[[ SUPPLIED INFORMATION open ]]

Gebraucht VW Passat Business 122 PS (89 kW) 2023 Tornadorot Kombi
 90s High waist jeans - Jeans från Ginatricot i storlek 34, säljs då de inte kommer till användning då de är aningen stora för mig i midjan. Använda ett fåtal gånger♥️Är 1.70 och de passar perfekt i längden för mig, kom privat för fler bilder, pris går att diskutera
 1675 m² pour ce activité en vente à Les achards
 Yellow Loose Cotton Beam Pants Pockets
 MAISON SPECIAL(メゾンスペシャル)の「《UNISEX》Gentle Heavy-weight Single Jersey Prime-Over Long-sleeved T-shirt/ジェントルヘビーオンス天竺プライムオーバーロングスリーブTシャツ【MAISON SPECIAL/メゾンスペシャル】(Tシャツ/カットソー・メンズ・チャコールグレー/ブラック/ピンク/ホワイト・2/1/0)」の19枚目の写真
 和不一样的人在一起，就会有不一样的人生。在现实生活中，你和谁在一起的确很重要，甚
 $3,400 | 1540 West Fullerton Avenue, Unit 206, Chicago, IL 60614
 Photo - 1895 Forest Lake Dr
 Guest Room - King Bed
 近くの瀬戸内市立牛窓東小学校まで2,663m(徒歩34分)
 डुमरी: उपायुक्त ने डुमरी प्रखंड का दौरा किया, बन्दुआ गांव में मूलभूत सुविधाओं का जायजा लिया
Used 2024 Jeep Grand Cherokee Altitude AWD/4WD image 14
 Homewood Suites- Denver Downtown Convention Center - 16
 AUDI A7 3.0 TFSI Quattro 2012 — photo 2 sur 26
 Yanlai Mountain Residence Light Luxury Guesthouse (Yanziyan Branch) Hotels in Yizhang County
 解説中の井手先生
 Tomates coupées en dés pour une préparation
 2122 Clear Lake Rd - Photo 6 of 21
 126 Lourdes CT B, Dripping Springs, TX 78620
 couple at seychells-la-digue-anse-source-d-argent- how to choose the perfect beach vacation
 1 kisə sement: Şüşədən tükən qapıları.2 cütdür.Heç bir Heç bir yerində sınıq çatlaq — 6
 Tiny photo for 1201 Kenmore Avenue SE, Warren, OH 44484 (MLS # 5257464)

[[ SUPPLIED INFORMATION closed ]]

Only lines holding the word "pour" are wanted here; copy each from the listing.

ANSWER BOX
 1675 m² pour ce activité en vente à Les achards
 Tomates coupées en dés pour une préparation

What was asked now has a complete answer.